Soon after, Levchin pointed out that personal digital assistants weren’t necessary. He remarked that he could sync the software with emails and the internet so that money could be transferred without one. This product was quickly renamed: PayPal.

The founders’ idea was efficient because of its sheer simplicity. Customers would share their emails, bank and credit card information, and in return, they could make low-cost payments, fast.

As no one had been focusing solely on the burgeoning digital market between consumers and businesses, PayPal took off quickly.

Then, in 2000, Elon Musk – who had a similar business, X.com – became interested.

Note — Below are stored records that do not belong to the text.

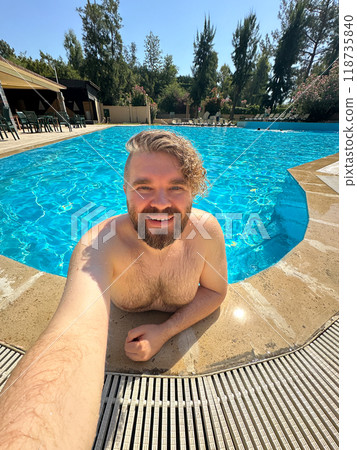 Millennial man taking selfie by swimming pool. Vibrant blue water and relaxed setting create a perfect atmosphere for summer fun. Holidays and vacation concept Millennial man taking selfie by swimming pool. Vibrant blue water and relaxed setting create a perfect atmosphere for summer fun. Holidays and vacation concept 118735840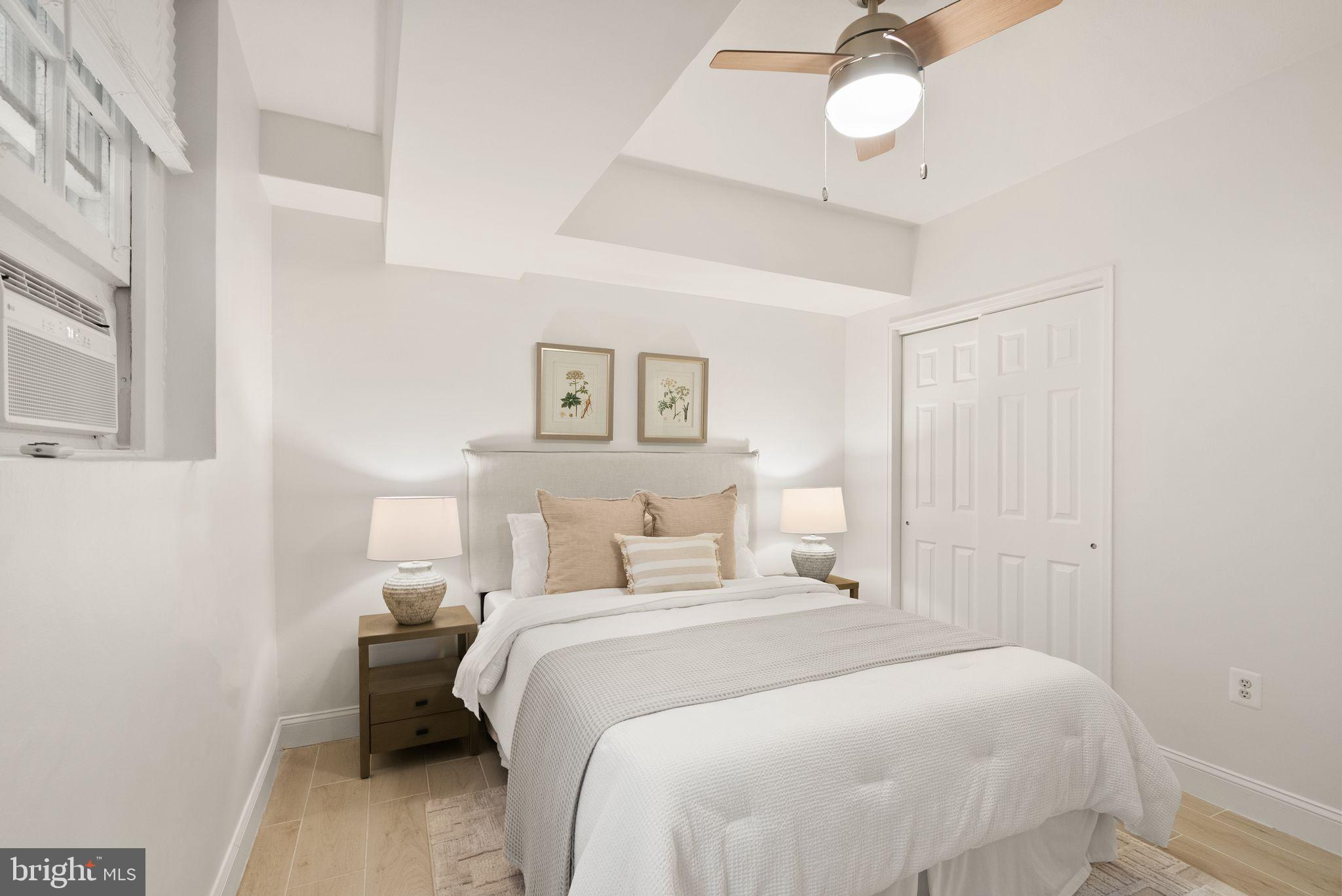 3039 Macomb Street Northwest, Unit 2A Washington, DC 20008 - Photo 14 of 30 a bedroom with a bed and a chandelier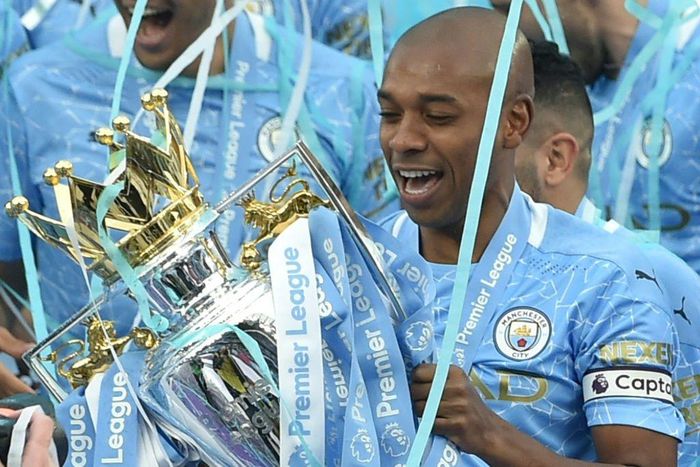 Manchester City midfielder Fernandinho lifts the Premier League trophy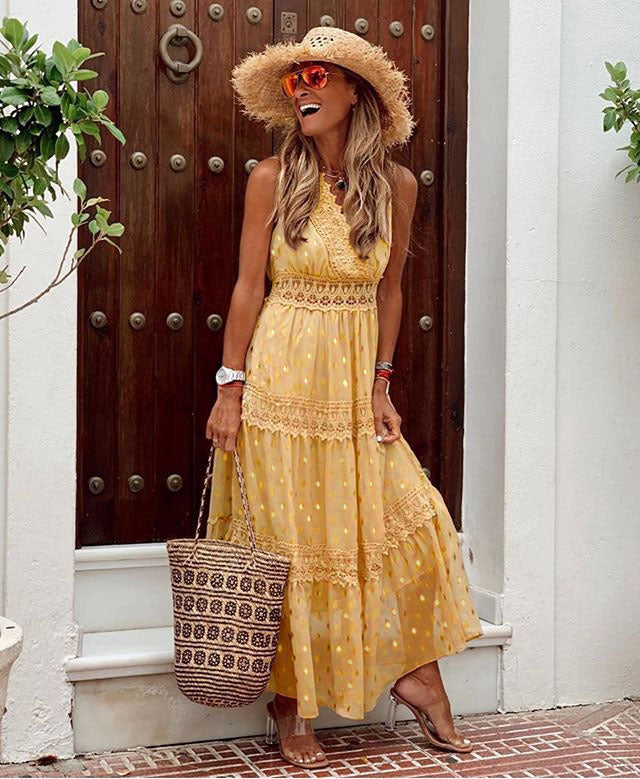 Robe mi-longue en mousseline de soie sans manches avec décolleté en V profond et coutures apparentes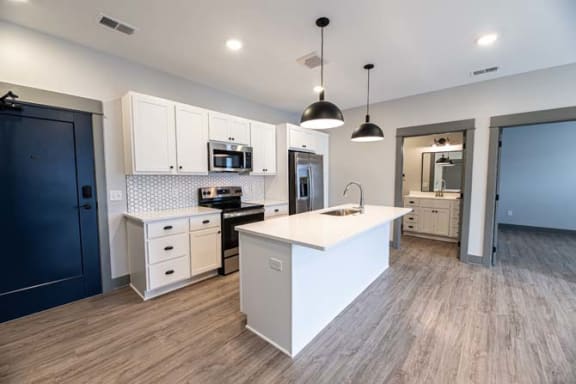 a large white kitchen with a white counter top at The Commons at Rivertown, Grandville, MI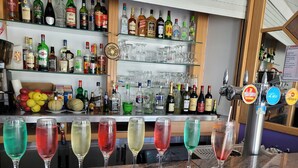 Zona de bar con diferentes botellas de licor y vasos.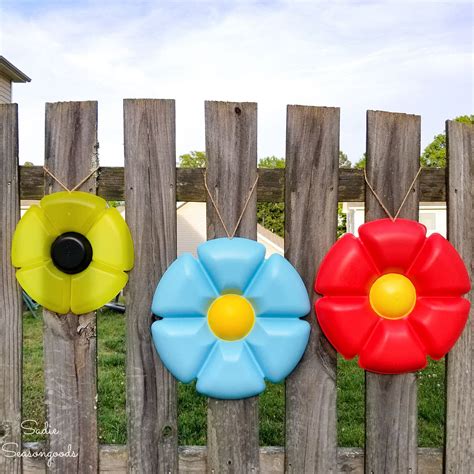 Whimsical Garden Decor And Fence Decorations From Party Trays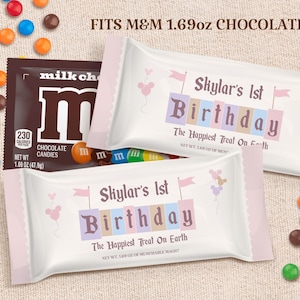 Könnte beinhalten: Ein weißer Schokoladenriegel-Wrapper mit rosa Besatz und einem rosa-blauen Geburtstagsdesign. Der Wrapper sagt "Skylar's 1st Birthday" und "The Happiest Treat On Earth". Außerdem steht "Fits M&M 1.69 oz Chocolate" darauf.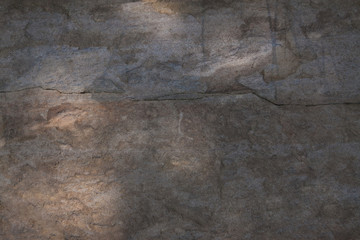 Stone surface with crack photographed from above
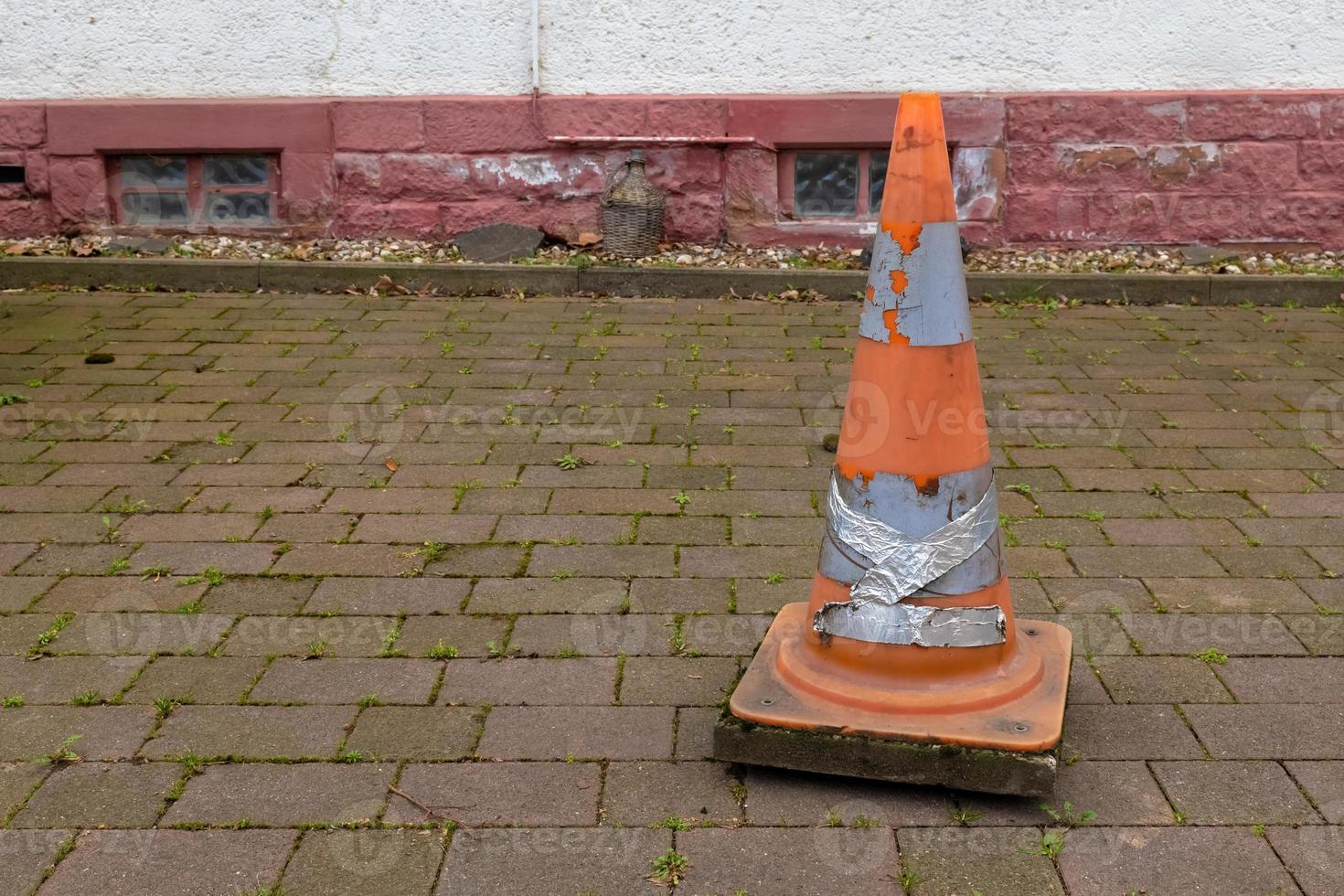 a road cone on a sidewalk photo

He orchestrated a merger between the two companies and quickly realised that PayPal was far more profitable.

Before the creation of PayPal, early retail sites were left with no other choice than to take payments in cheque form, or through money orders. The genius of Levchin and Thiel’s idea is partly its innovativeness, and partly the simple fact that no other company had noticed the gap in the market for an online payment system.

It’s no surprise that small businesses, online merchants and consumers quickly got on board. Within three years, PayPal had handled more than $3 billion in payments from over 10.2 million individuals and 2.6 commercial customers.

In 2002, PayPal became a publicly-traded company, and their stock grew to 55% on NASDAQ. It was a huge success in a very short space of time, and few could have predicted it.

PayPal logo

PayPal Today

If you’ve ever used eBay online, you’ve likely heard of PayPal. In July 2002, eBay Inc. acquired PayPal for the low, low price of $1.5 billion – which makes perfect sense. PayPal has been and remains the first choice of payment for most eBay users.

This acquisition only served to help PayPal’s exponential growth.

In 2005, PayPal acquired VeriSign Payment Solutions, then Braintree Payments in 2013.

But in 2014, an investor in PayPal, Carl Icahn, had had enough. He spearheaded a huge public campaign that demanded PayPal split from eBay to enjoy further growth and provide more valuable services. By July of the same year, PayPal was a public company once more.

On its first official trading day as a public company, the market value of PayPal reached $49 billion. And to top it off, the new market value exceeded that of eBay’s!

Since then, PayPal has only continued to grow. Of course it has. Did you know that PayPal enables users to withdraw funds in 56 currencies, hold them in 25 and receive them in over 100?

Today, PayPal has around 346 million active accounts worldwide. In 2019, 12.4 billion payments were made through the company, and the numbers only go up each year. E-commerce is going nowhere, and while it’s the first choice for consumers, PayPal will continue to boom.

What do you think about PayPal? Do you have an account?